I have a little drug cocktail now. It’s a combination of Flonase, Allegra, and the generic version of something called Duratuss. There’s no generic version of Allegra or Flonase, so it costs about $50 (after insurance) for the three for about a two-month supply. But it’s wonderful. Pharmaceuticals rock my world. I can – for the first time I think in my entire life – breathe. If you don’t have allergies you cannot possibly understand. This time of year is almost as bad as the spring – so much pollen, so many “things” floating around the skies. I used to be reduced to a detestable mouth-breather, but with this little combination of drugs I can live a normal life.
I really wish I could explain it to you. I’m not saying I was in some tragic, pathetic condition, and I’m not trying to compare my situation with those that I know suffer from far worse, but not being able to breathe easily is an enormous handicap. Boxes of tissue, rolls of toilet paper, constant sniffling and a wet, dog-like nose, dry mouth, coughing and hacking every morning (even without cigarettes), headaches, cold sores, cracked skin, itchy eyes … and now all of that is gone. It’s like I’m an entirely different person. Those silly commercials you see, they’re right. Only, even with their twenty-second mini-dramas highlighting individuals reveling in the joy of being freed from the bonds of nasal incapacitation, they cannot convey the true experience of it. It is amazing.

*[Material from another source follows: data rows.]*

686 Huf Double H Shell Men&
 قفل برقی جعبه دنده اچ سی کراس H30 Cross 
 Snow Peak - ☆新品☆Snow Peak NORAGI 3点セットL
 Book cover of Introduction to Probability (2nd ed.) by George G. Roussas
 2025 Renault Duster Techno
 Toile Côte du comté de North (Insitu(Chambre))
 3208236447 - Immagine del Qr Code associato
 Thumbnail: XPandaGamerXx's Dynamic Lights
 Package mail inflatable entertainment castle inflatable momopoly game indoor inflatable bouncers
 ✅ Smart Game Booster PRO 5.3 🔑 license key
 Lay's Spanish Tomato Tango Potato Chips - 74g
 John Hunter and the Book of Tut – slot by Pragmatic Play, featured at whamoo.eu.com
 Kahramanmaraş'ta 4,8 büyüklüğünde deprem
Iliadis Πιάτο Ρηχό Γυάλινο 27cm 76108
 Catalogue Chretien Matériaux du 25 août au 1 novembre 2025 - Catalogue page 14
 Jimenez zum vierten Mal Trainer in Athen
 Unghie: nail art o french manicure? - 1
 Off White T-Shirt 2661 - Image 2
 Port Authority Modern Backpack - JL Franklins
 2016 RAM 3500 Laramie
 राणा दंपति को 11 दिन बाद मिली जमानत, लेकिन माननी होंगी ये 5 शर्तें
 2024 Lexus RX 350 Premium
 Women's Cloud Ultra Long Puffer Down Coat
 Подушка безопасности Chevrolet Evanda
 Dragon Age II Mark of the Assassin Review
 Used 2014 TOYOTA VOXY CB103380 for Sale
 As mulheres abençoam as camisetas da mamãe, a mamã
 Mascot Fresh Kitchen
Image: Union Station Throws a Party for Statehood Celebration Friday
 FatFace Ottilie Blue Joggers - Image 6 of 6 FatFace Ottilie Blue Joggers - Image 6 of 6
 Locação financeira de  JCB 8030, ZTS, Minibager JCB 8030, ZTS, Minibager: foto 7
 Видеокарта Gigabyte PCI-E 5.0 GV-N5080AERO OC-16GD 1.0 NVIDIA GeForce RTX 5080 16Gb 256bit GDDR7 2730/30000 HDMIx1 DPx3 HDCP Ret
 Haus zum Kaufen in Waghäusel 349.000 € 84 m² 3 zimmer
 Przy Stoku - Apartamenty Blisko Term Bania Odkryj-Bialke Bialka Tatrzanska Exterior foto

Please know that if I didn’t have health insurance I know I couldn’t afford these drugs, and I ache for my little sister because I know she suffers the same conditions and doesn’t have health insurance. I wish there was something I could do for her. Maybe I can send her my supply … I’ll have to think about the ramifications of that. I don’t know if she’d take them, for one thing – they’re obviously prescription drugs and they wouldn’t be in her name. I’m sure there’s all kinds of legal issues involved in doing something like that. But I’m telling you – this is the sort of thing that changes your life.